##### Dataset extract

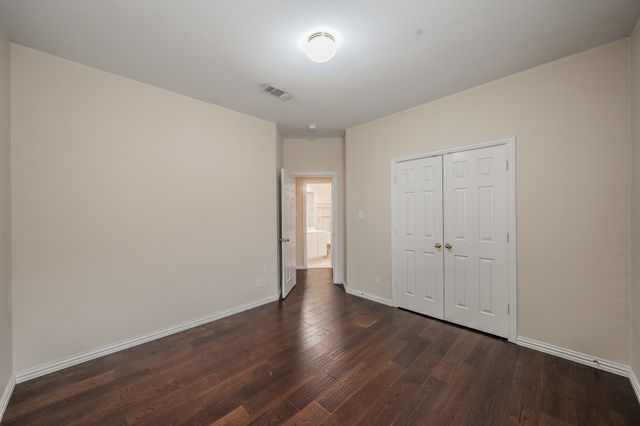 2306 Bear Run Road, Arlington, TX 76001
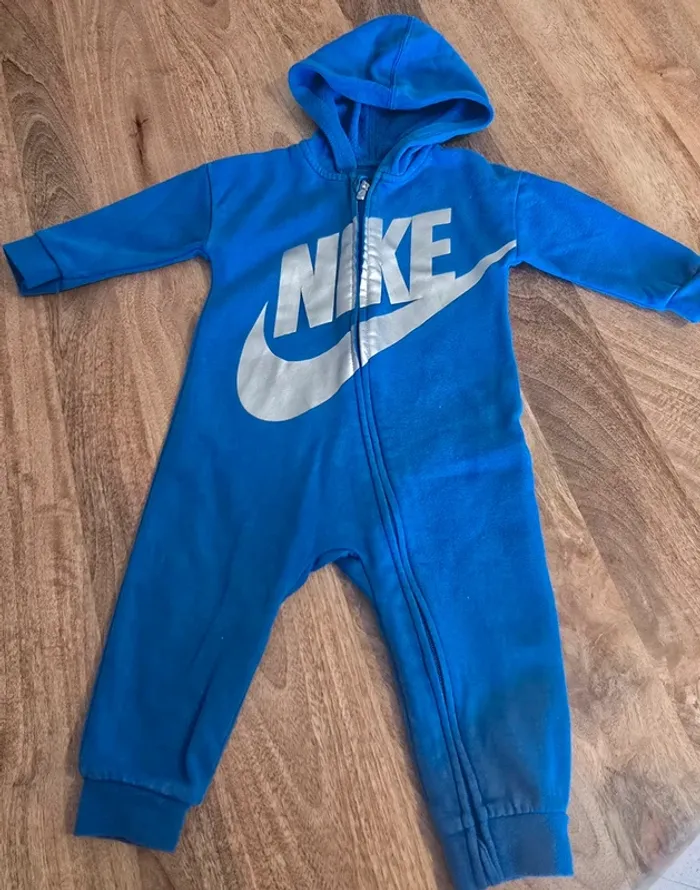 Combinaison Nike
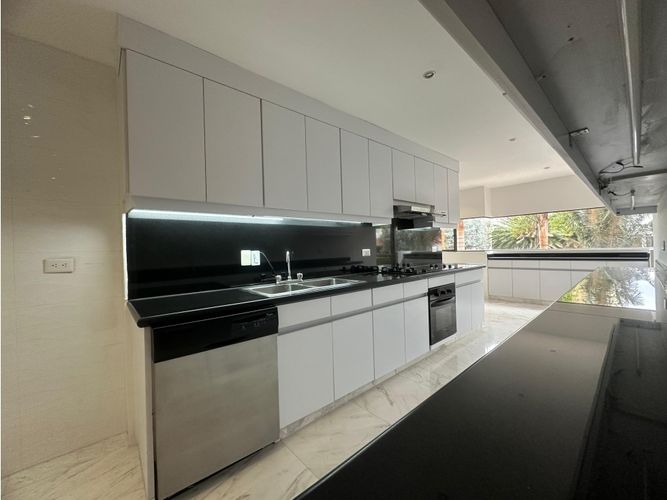 Apartamento de 3 alcobas en venta en Santa Ana Oriental, Bogotá, 220 m² · foto 10 de 19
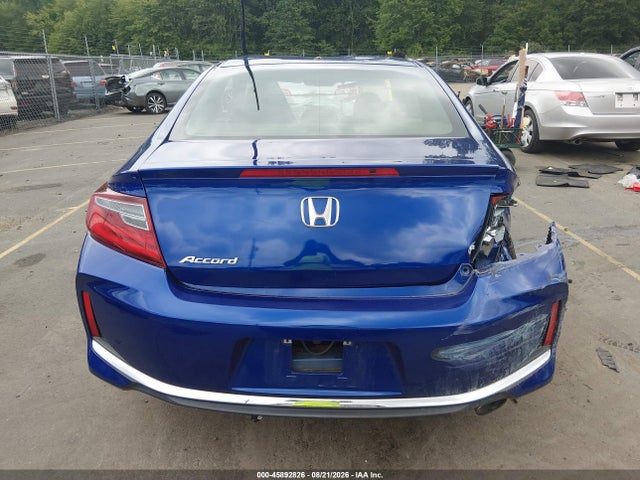45892826 :رقم المزاد ، 1HGCT1B78HA002736 vin ، 2017 Honda Accord Ex مزاد بيع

##########

Task prompt: Transcribe the whole of the data exactly, minus any pictures.

Solution to this problem:
 2306 Bear Run Road, Arlington, TX 76001
 Combinaison Nike
 Apartamento de 3 alcobas en venta en Santa Ana Oriental, Bogotá, 220 m² · foto 10 de 19
45892826 :رقم المزاد ، 1HGCT1B78HA002736 vin ، 2017 Honda Accord Ex مزاد بيع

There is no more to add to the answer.